Thursday, 26 November 2015

Everything is bigger in America, and bigger again in Texas

Texas may have only lasted as its own country for a mere ten years, however a journey through the territory hints towards a state of mind in which the Republic of Texas lives on. Texas represents some of the worst urban planning measures in the world, yet simultaneously, it also represents some of the best. Seemingly endless sprawl in Texas is only further supported by freeways which could be mistaken for roller coasters, sometimes soaring four levels into the sky. These are images which provide the most obvious impression that planning in Texas is anarchy.

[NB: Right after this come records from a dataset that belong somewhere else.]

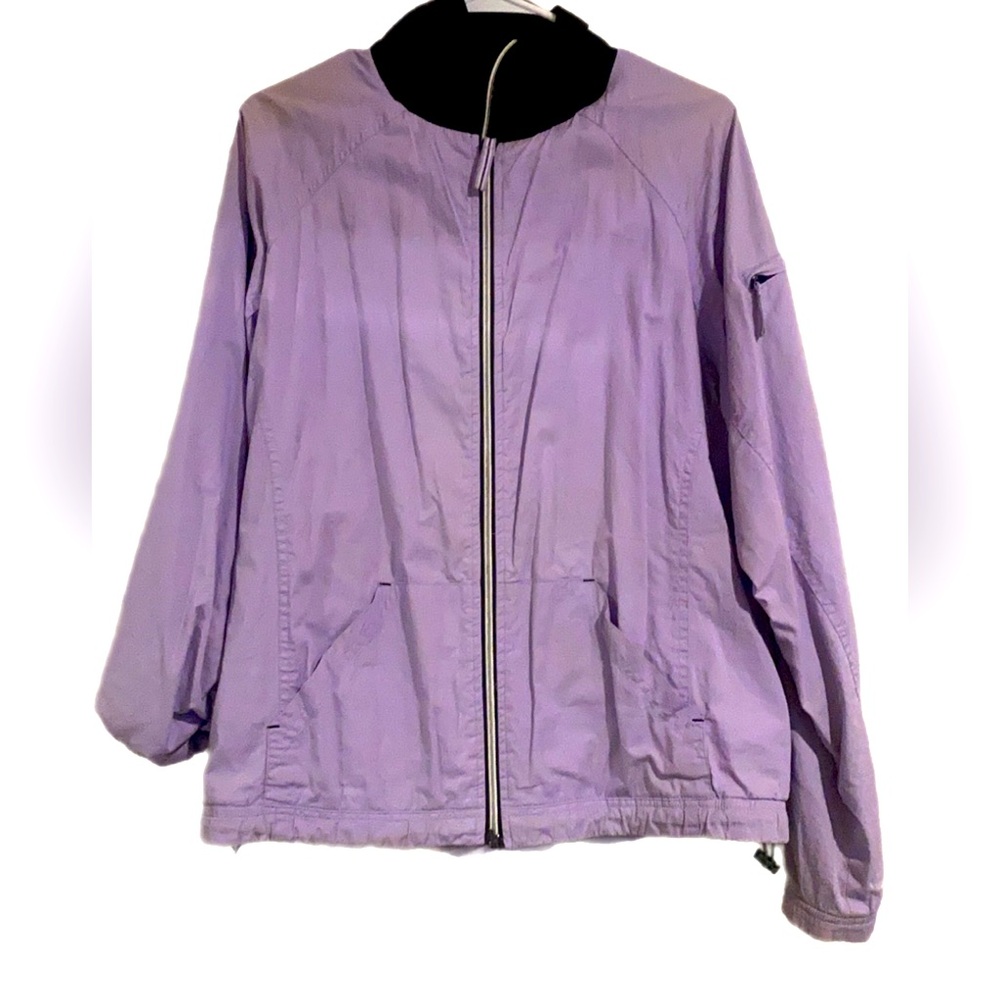 Women’s Large  St. John’s Bay Active Lightweight Windbreaker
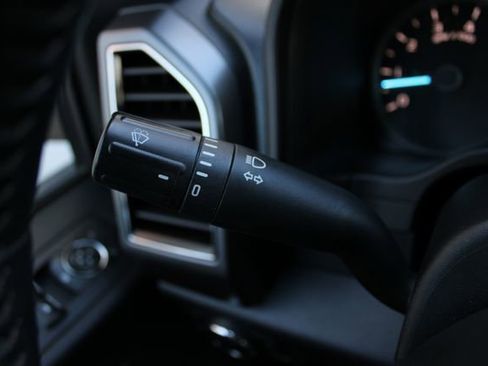 Used 2020 Ford F150 XLT w/ Equipment Group 302A Luxury AWD/4WD image 8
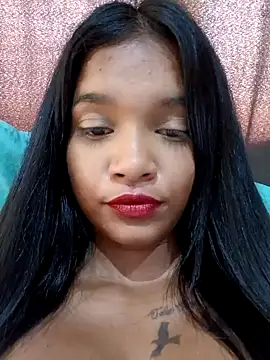 Snapshot of Indianqueen03 chatting on 01.10.25 Indianqueen03 online show from 01.10.25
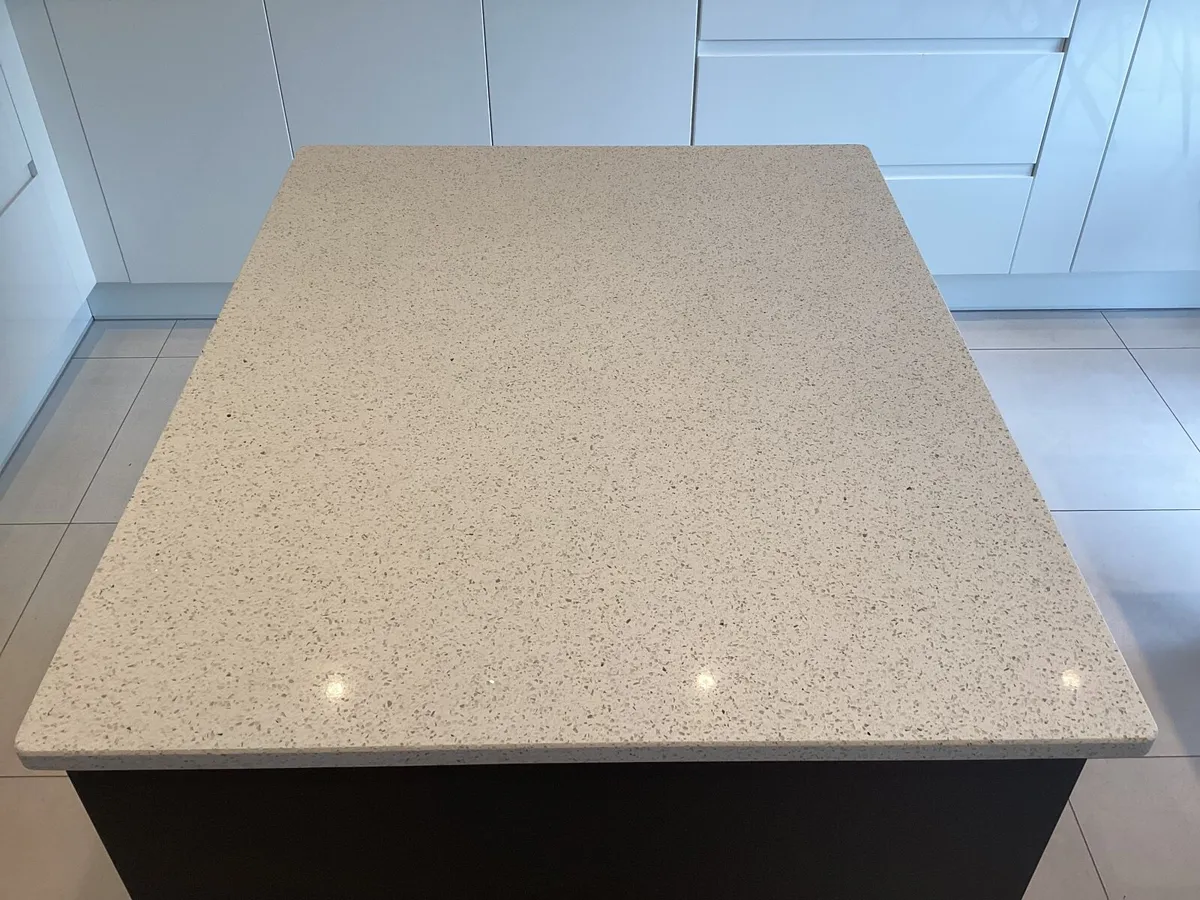 Kitchen worktop - Image 1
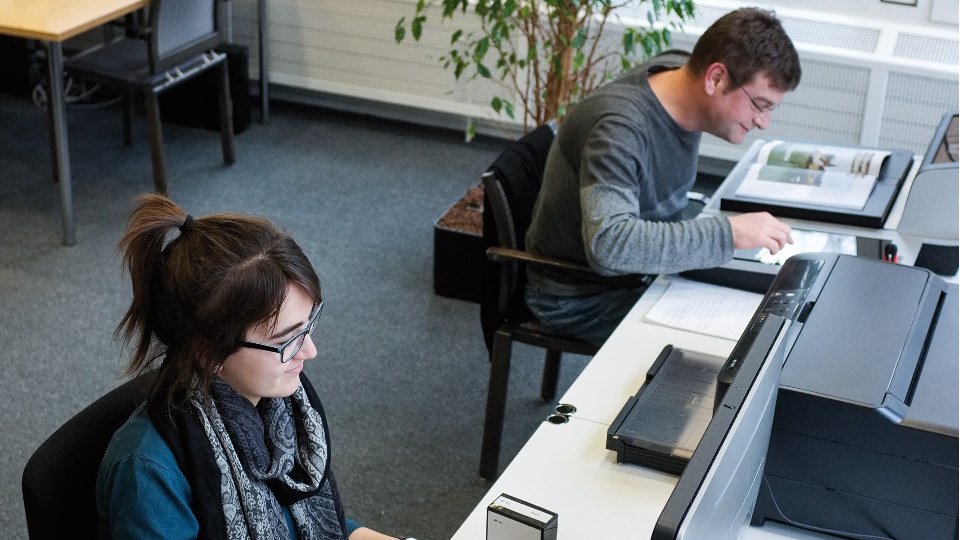 Zwei Personen in einem gemeinsamen Büro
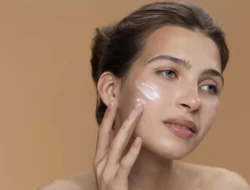 Cosmo Babes, Ini Penyebab Sunscreen Kamu Pilling: Mengungkap Rahasia di Balik Kondisi Kulit yang Mengganggu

Conversely, Steve and Rebecca explained how Austin maintains a more alternative nature in comparison to other Texan cities, largely due to the migration of many ‘hippy’ rock stars to the area during the 1970s. The more liberal ideals of this movement has certainly influenced the way Austin residents interact with the city, and to some extent, the built form of Austin as well. This is especially evident in a strong live-music scene and the presence of associated venues in some surprising places – e.g. former warehouses and residential streets.  Austin has been successful in delivering a range of sustainable developments in inner cities districts, especially due to the city’s ability to operate Tax Increment Financing initiatives – e.g. Midtown and Mueller. However, for the most part, the progressive residents on the left, continue to lose out against the motor-maniacs on the right. Additionally, a faculty member at the University of Texas at Austin explained to us that Texas has no capacity to plan at a larger metropolitan or regional level. In Texas, we saw some great examples of urban planning and Texans were quick to call themselves innovative, especially regarding their role in the tech industry. Although Texas is eager to integrate its many cities via the automobile, it lacks broader integration at a governance level.

Rainey Street Historic District: A residential, inner city neighbourhood reimagined with shipping container bars.